Pour une écosophie
Illustration, billet citoyen pour une écosophie

Pour une écologie responsable

L’écologie doit devenir une écosophie[1]

Autrement dit, la conviction écologique doit opérer sa mue en passant de la posture intellectuelle à l’art de vivre. L’urgence climatique nécessite la mise en branle d’une véritable révolution copernicienne conceptuelle de notre rapport au monde. Nous devons substituer aux valeurs anthropocentristes surannées et archaïques, l’humilité de notre dépendance à notre écosystème constitutif d’un tout dont nous ne sommes qu’une simple composante.

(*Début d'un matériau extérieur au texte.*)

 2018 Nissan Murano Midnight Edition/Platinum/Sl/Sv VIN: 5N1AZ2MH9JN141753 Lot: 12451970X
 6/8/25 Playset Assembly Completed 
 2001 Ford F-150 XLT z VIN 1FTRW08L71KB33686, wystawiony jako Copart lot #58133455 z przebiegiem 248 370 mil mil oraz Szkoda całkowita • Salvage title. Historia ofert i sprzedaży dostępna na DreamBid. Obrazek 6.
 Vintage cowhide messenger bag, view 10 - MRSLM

C’est pourquoi il est aujourd’hui nécessaire de penser, de construire et de pratiquer une écologie responsable et raisonnée. Sensibiliser les citoyens c’est bien, responsabiliser les entreprises c’est mieux. Les entreprises et la consommation sont les principaux pourvoyeur du dérèglement climatique. Pour ce faire nos habitudes de consommation doivent s’adapter au nouveau paradigme écologique auquel nous sommes confrontés aujourd’hui. Il est donc de la responsabilité des puissances économiques d’être la pointe de diamant des changements de demain par l’innovation et la mise sur le marché de biens de consommation écologiquement alternatifs, viables et pérennes. Il n’est pas du ressort du consommateur d’endosser la culpabilité des produits qu’il achète mais aux entreprises et aux Etats en raison des pouvoirs de suggestion, de régulation et de production qu’ils possèdent, d’assumer l’impact écologique et moral des produits diffusés sur le marché.

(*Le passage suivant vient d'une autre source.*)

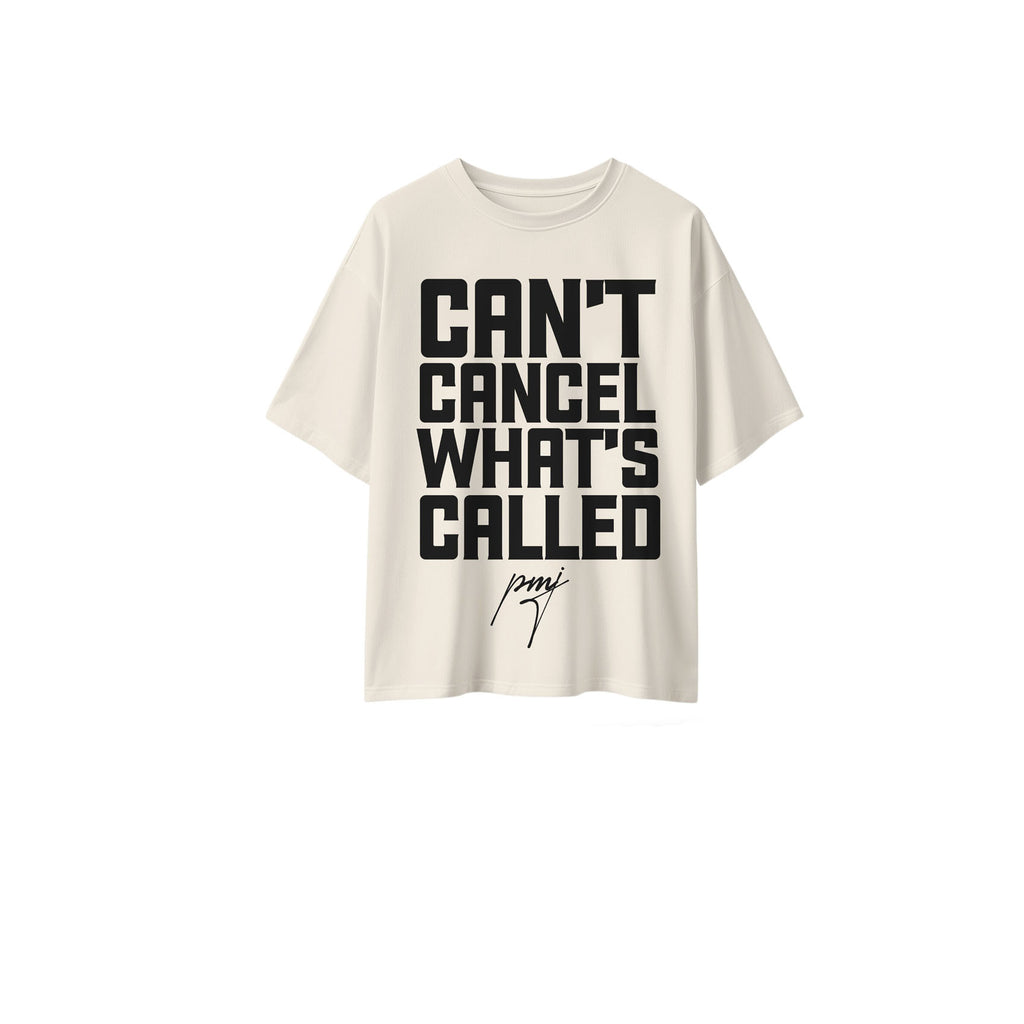 C+C Can't Cancel What's Called Oversized Tee Cream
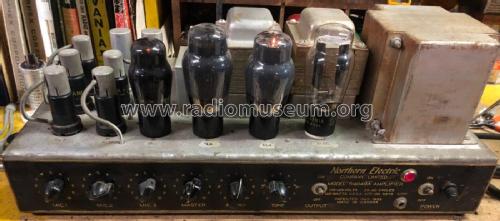 Amplifier R4049A; Northern Electric Co (ID = 3019878) Ampl/Mixer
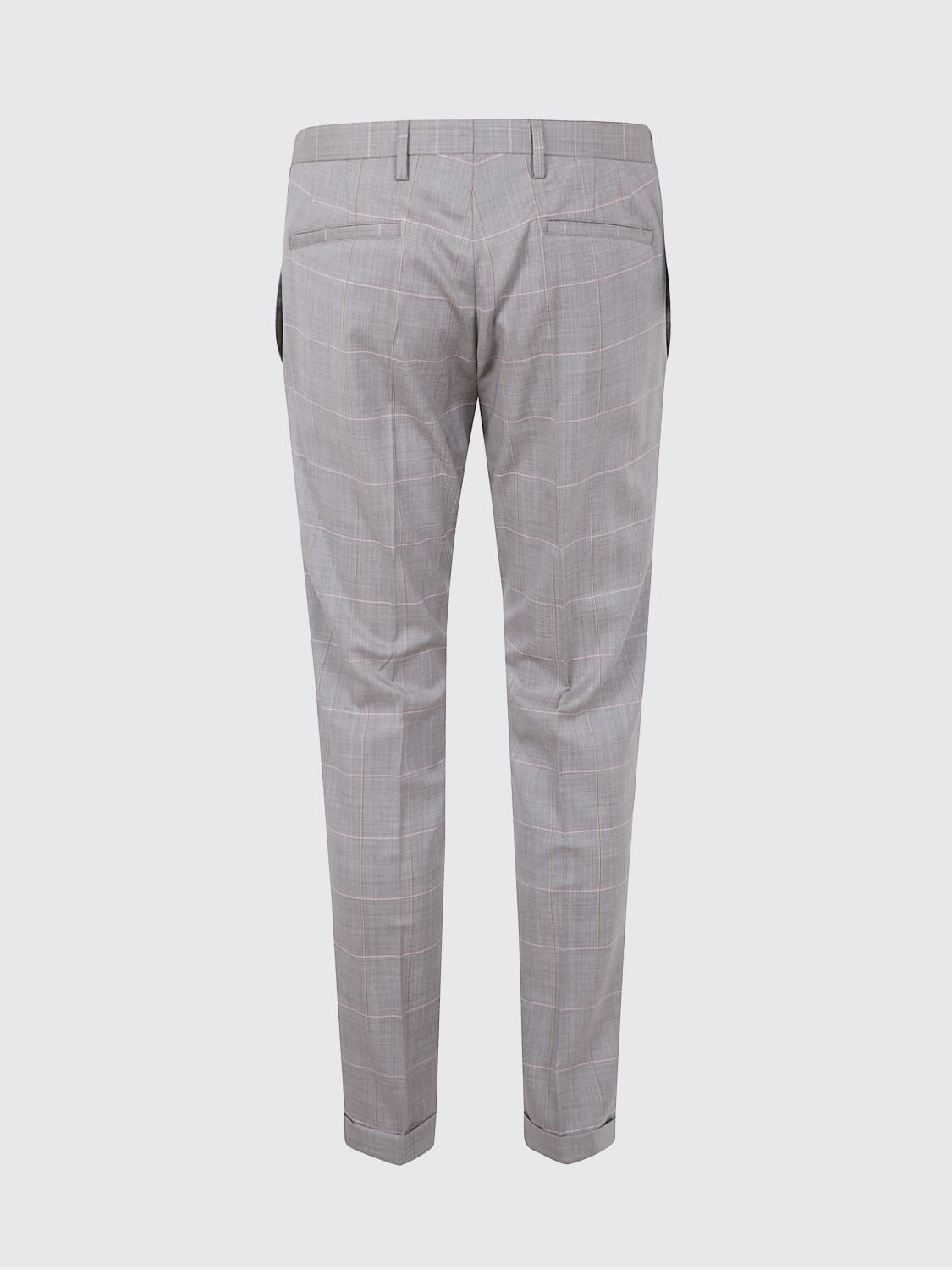 PAUL SMITH HOSE: Hose herren Paul Smith, Grau - Img 2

Détruisez les sources de tentation aux vices et vous deviendrez vertueux.

Pistes de réflexion :

Augmentation de notre taux de recyclage des déchets : taux de recyclage en France = 35% (2014) ; Taux de recyclage en Allemagne = 64% (2014)
Crédit d’impôt écologique : distribué aux entreprises écologiquement innovantes et vertueuses.

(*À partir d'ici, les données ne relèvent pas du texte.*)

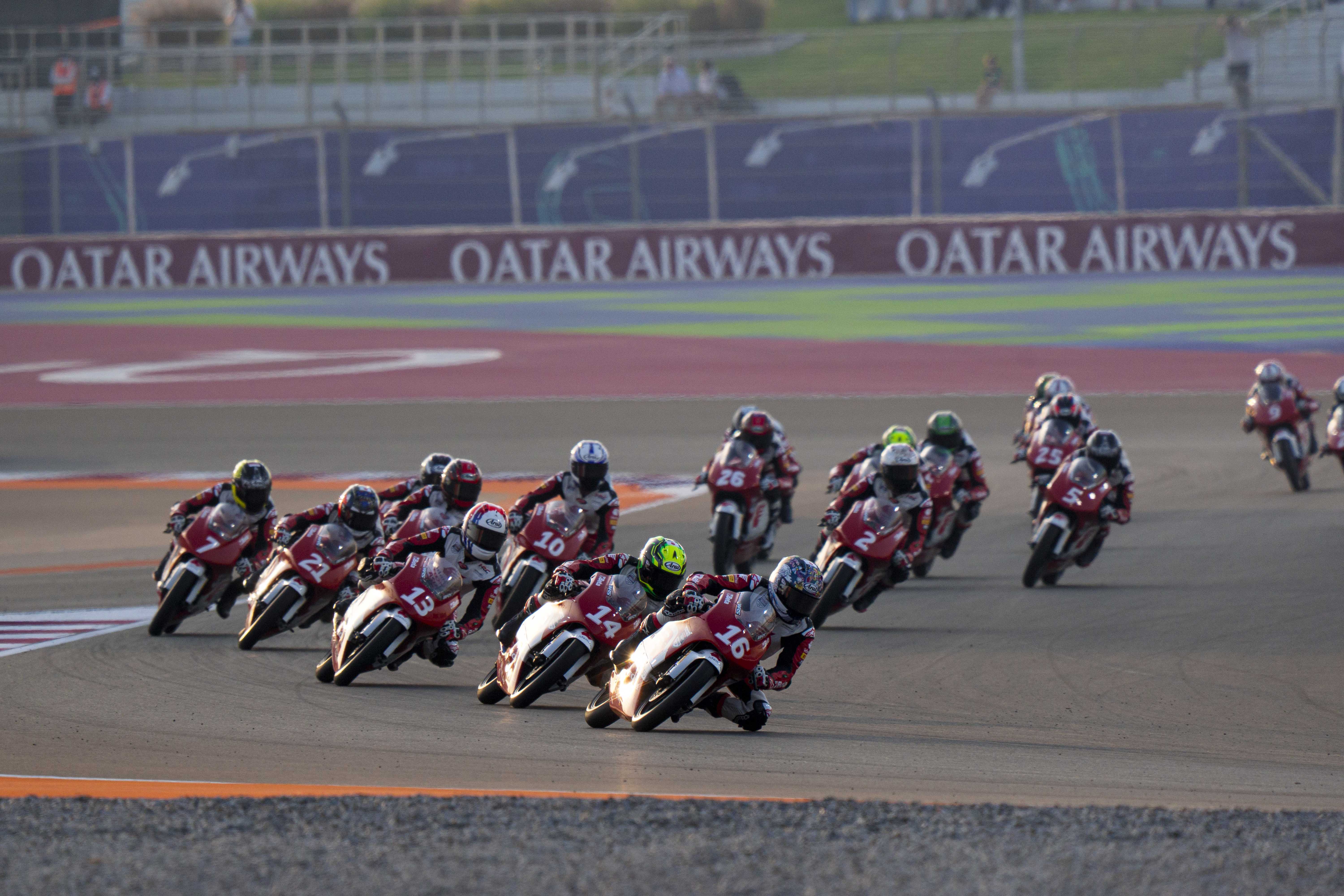Race 1 | Round 2 Qatar | 2025 Idemitsu Asia Talent Cup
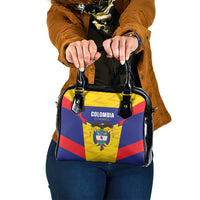 Football Colombia Shoulder Handbag Los Cafeteros Go Champions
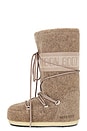 view 5 of 5 Icon Felt Boot in Beige Melange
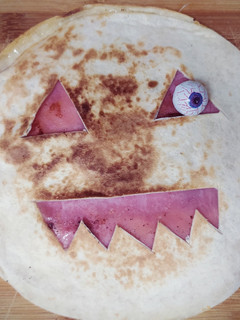 Una foto de Quesadillas de Halloween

Agriculture biologique : augmenter les surfaces agricoles biologiques.
Interdiction définitive du Glyphosate : Fortes suspicions d’être un cancérogène impactant une large partie de la population mondiale. Cependant le Glyphosate peut être métaphoriquement considéré comme l’arbre qui cache la forêt puisqu’il représente une partie marginale des produits phytosanitaires aujourd’hui utilisés dans l’agriculture conventionnelle. Ainsi, 80 % de l’ensemble des produits en usage qui sont à base de souffre ne font pour le moment l’objet d’aucune médiatisation et d’aucune concertation politique.
Taxer les produits des entreprises polluantes : surtaxer les produits des entreprises polluantes. Versement de l’intégralité des recettes issues de la taxe au développement et au soutien économique des produits alternatifs écologiquement viables.
Prime à l’achat sur les produits reconditionnés : octroie de primes pour l’achat de produits technologiques reconditionnés.
Durcissement du marché des quotas d’émission (droit d’émissions) : retirer des titres de droit à polluer sur le marché des quotas d’émission afin de créer une inflation systémique du prix des droits à polluer.
⦁ Consigne en verre obligatoire : réintroduire la consigne dans les surfaces de vente de produits alimentaires.

 

A.M.M

 

[1] Ecosophie : Concept théorisé par le philosophe Arne Næss qui invite au renversement de la doctrine anthropocentriste.